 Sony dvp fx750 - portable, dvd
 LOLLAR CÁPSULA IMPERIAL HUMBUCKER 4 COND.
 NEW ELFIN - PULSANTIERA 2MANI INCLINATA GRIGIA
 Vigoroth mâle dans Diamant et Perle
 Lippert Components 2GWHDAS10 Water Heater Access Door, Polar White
==
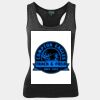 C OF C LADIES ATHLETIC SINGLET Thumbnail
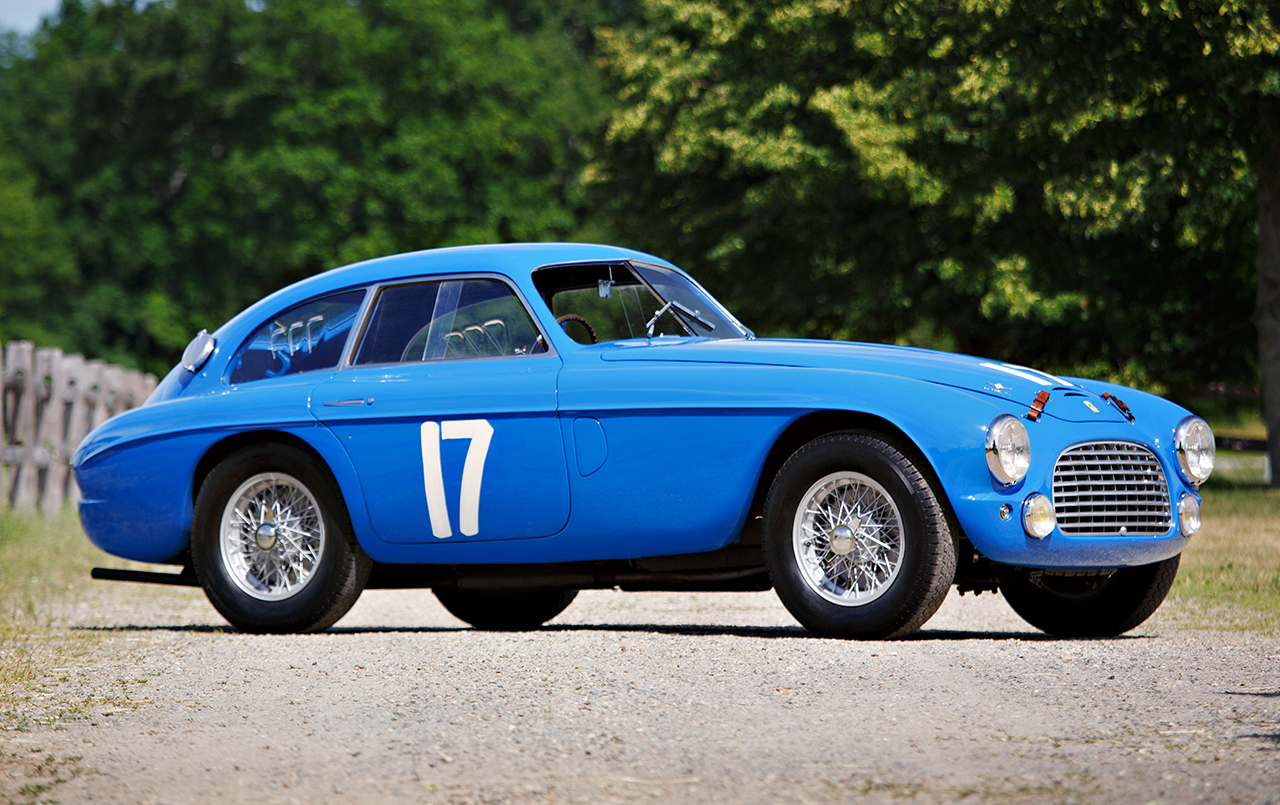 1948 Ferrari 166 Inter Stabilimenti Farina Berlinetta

--- THE PROBLEM ---
Once you find the line with "NEW ELFIN - PULSANTIERA" in the entries above, output it and each line after it up to and including the line with "Lippert Components 2GWHDAS10", and nothing else.

--- ANSWER TO THIS TASK ---
 NEW ELFIN - PULSANTIERA 2MANI INCLINATA GRIGIA
 Vigoroth mâle dans Diamant et Perle
 Lippert Components 2GWHDAS10 Water Heater Access Door, Polar White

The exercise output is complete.